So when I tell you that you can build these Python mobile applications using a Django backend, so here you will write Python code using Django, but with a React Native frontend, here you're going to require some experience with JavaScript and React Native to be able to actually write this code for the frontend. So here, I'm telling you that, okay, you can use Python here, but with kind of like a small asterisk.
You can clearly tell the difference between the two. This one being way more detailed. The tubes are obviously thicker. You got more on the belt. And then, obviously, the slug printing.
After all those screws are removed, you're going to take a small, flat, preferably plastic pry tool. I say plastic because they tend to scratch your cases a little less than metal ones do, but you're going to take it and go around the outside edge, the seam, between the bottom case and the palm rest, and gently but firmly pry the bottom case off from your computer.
┄┄┄┄┄┄
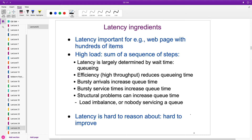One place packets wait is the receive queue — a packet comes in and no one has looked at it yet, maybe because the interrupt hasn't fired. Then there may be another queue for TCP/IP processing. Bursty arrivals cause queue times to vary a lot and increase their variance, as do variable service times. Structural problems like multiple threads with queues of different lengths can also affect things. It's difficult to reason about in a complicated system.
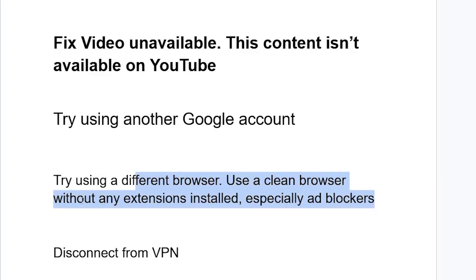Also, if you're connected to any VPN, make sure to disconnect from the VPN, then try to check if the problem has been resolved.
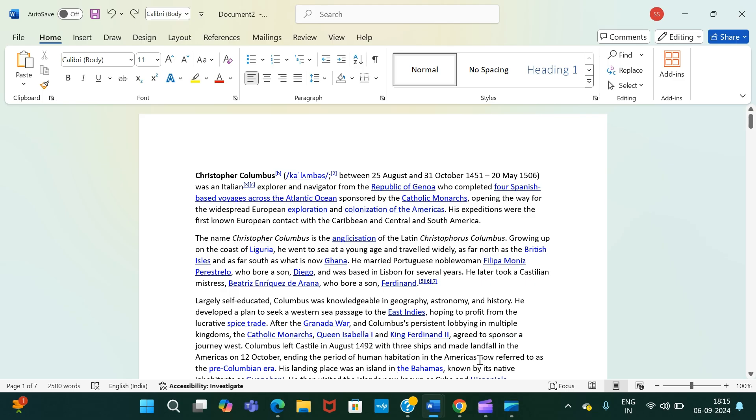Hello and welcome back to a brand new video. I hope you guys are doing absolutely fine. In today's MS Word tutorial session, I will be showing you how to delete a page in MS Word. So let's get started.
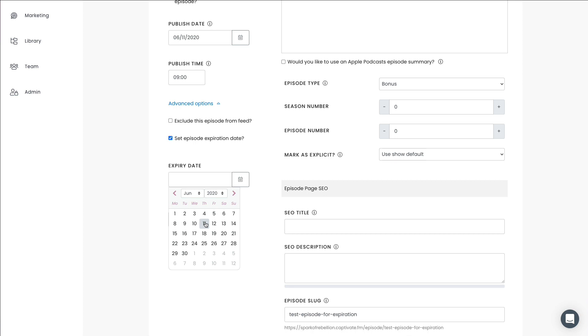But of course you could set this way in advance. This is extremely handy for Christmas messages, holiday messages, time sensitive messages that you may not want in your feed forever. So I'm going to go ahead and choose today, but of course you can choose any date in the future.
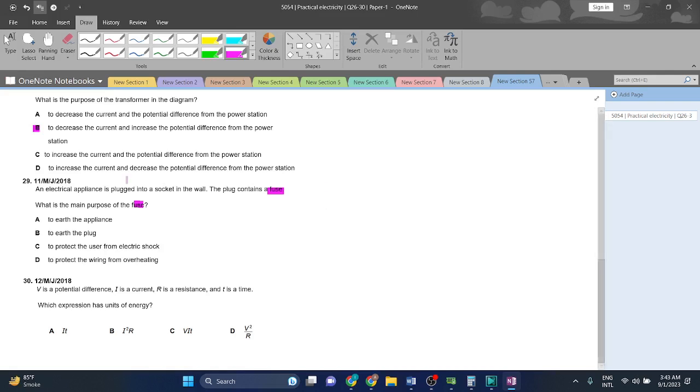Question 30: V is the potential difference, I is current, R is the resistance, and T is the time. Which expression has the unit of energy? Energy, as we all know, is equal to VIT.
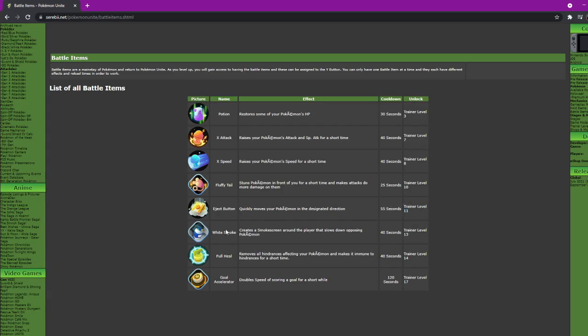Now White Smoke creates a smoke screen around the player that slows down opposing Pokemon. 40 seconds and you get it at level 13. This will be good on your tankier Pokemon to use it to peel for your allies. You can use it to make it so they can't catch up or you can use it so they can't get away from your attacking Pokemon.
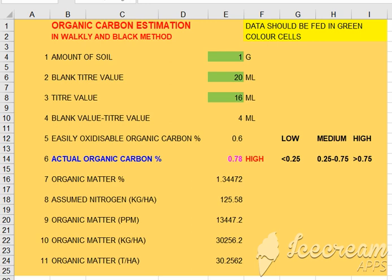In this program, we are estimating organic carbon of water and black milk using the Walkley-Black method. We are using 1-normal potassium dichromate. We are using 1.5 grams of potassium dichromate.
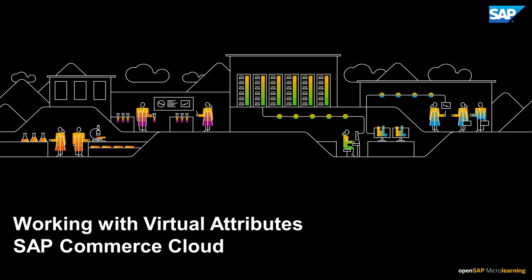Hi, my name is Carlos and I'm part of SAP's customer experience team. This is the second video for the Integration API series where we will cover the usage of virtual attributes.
┄┄┄┄┄┄
WHAT YOU WILL DO: Only one part of the listing is wanted: the lines from the one containing "Question 30: V" through the one containing "Hi, my name", both included. Please transcribe it exactly, leaving out the pictures.

PROBLEM SOLUTION:
Question 30: V is the potential difference, I is current, R is the resistance, and T is the time. Which expression has the unit of energy? Energy, as we all know, is equal to VIT.
Now White Smoke creates a smoke screen around the player that slows down opposing Pokemon. 40 seconds and you get it at level 13. This will be good on your tankier Pokemon to use it to peel for your allies. You can use it to make it so they can't catch up or you can use it so they can't get away from your attacking Pokemon.
In this program, we are estimating organic carbon of water and black milk using the Walkley-Black method. We are using 1-normal potassium dichromate. We are using 1.5 grams of potassium dichromate.
Hi, my name is Carlos and I'm part of SAP's customer experience team. This is the second video for the Integration API series where we will cover the usage of virtual attributes.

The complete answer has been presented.